===== Extracted material

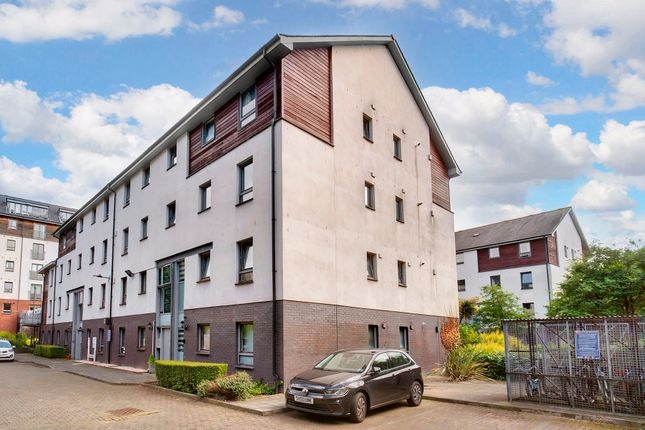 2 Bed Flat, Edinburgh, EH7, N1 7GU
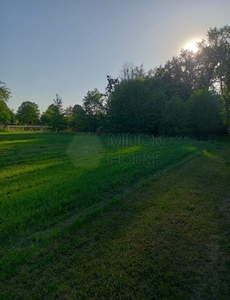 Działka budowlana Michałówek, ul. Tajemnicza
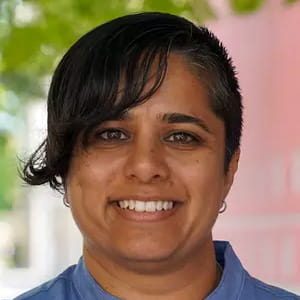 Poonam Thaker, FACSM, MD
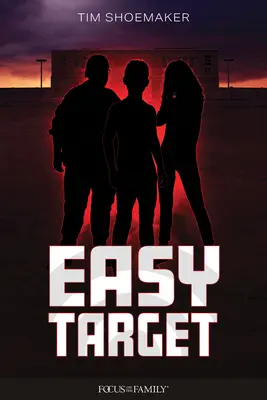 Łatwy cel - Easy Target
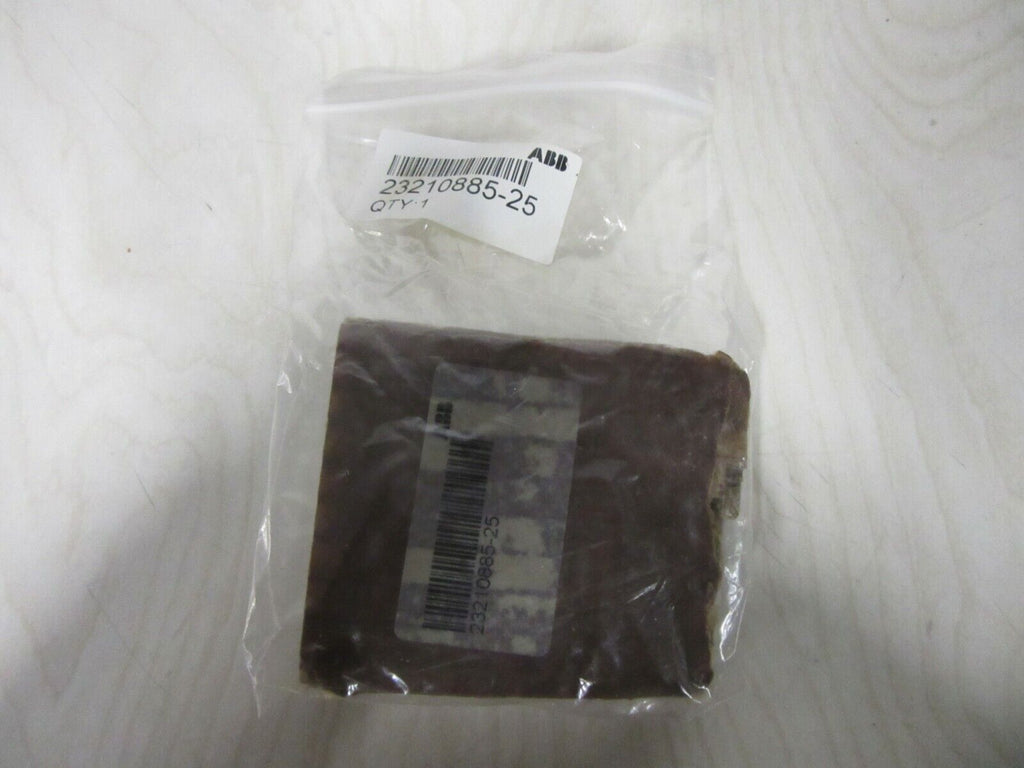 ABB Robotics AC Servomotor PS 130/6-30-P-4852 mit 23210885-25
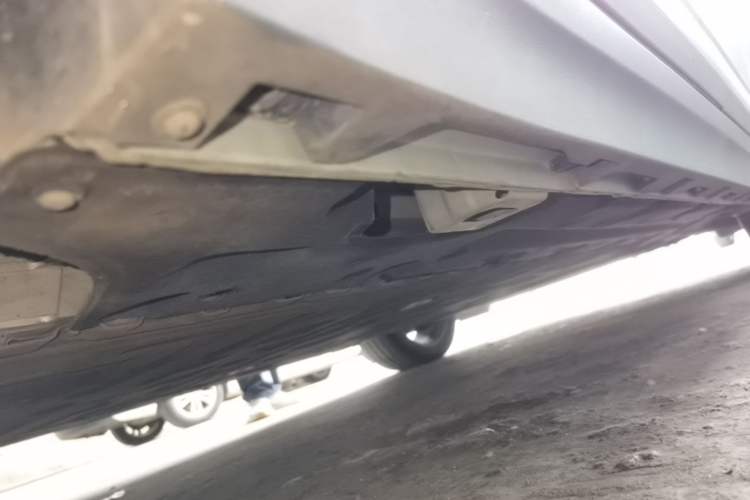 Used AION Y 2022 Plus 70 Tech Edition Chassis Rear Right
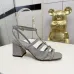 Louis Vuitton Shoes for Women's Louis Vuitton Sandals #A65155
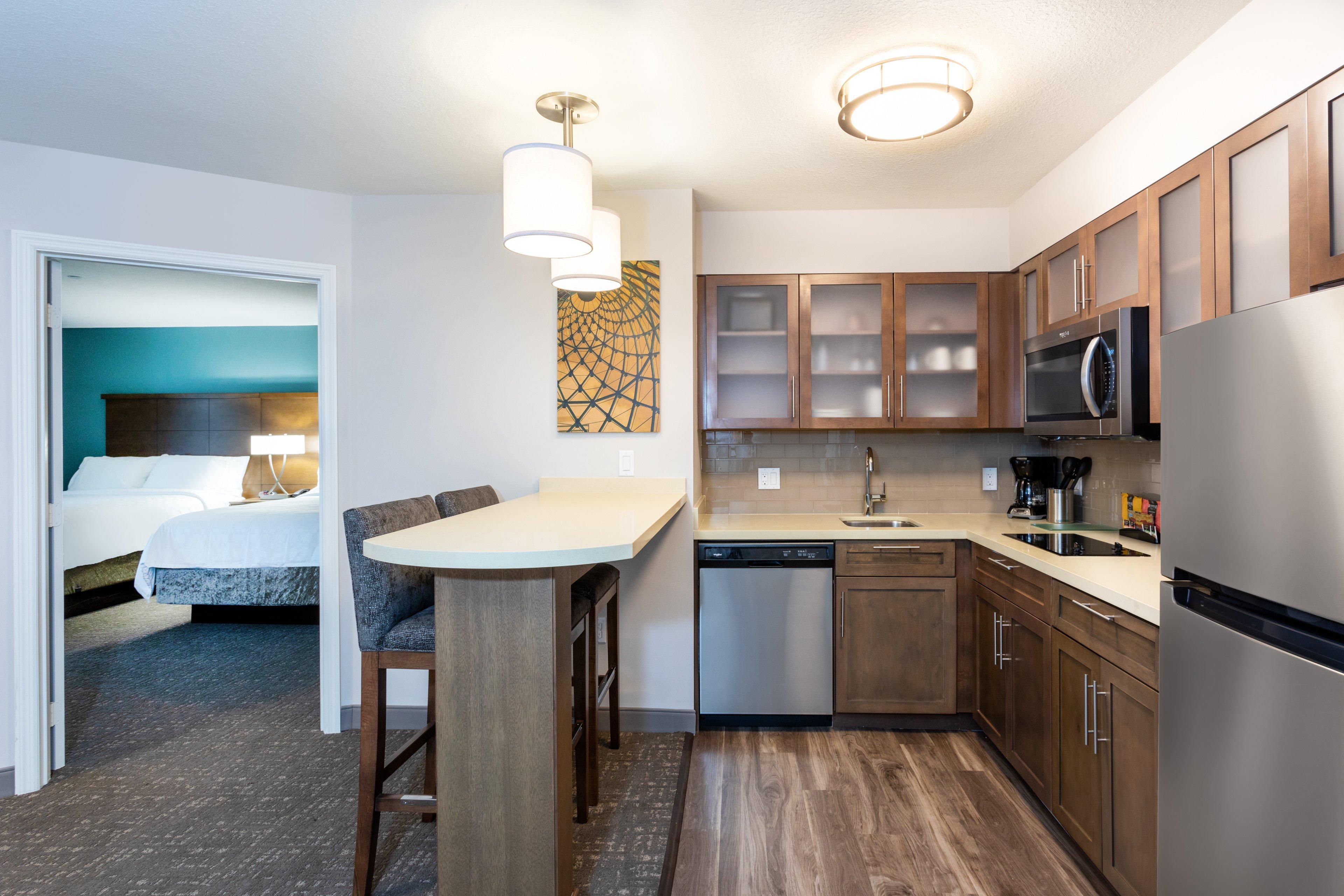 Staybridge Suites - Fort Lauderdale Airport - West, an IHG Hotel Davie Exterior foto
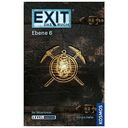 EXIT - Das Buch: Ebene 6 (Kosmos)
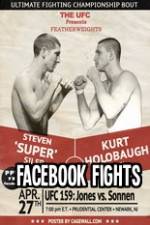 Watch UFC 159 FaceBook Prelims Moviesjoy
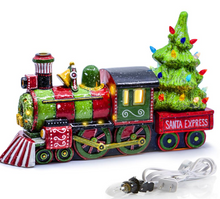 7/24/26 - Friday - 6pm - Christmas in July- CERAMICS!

==========

#### Instructions for the task
Transcribe the data completely. No pictures should appear in the transcription.

#### Problem solution
 2 Bed Flat, Edinburgh, EH7, N1 7GU
 Działka budowlana Michałówek, ul. Tajemnicza
 Poonam Thaker, FACSM, MD
 Łatwy cel - Easy Target
 ABB Robotics AC Servomotor PS 130/6-30-P-4852 mit 23210885-25
 Used AION Y 2022 Plus 70 Tech Edition Chassis Rear Right
 Louis Vuitton Shoes for Women's Louis Vuitton Sandals #A65155
 Staybridge Suites - Fort Lauderdale Airport - West, an IHG Hotel Davie Exterior foto
 EXIT - Das Buch: Ebene 6 (Kosmos)
 Watch UFC 159 FaceBook Prelims Moviesjoy
 7/24/26 - Friday - 6pm - Christmas in July- CERAMICS!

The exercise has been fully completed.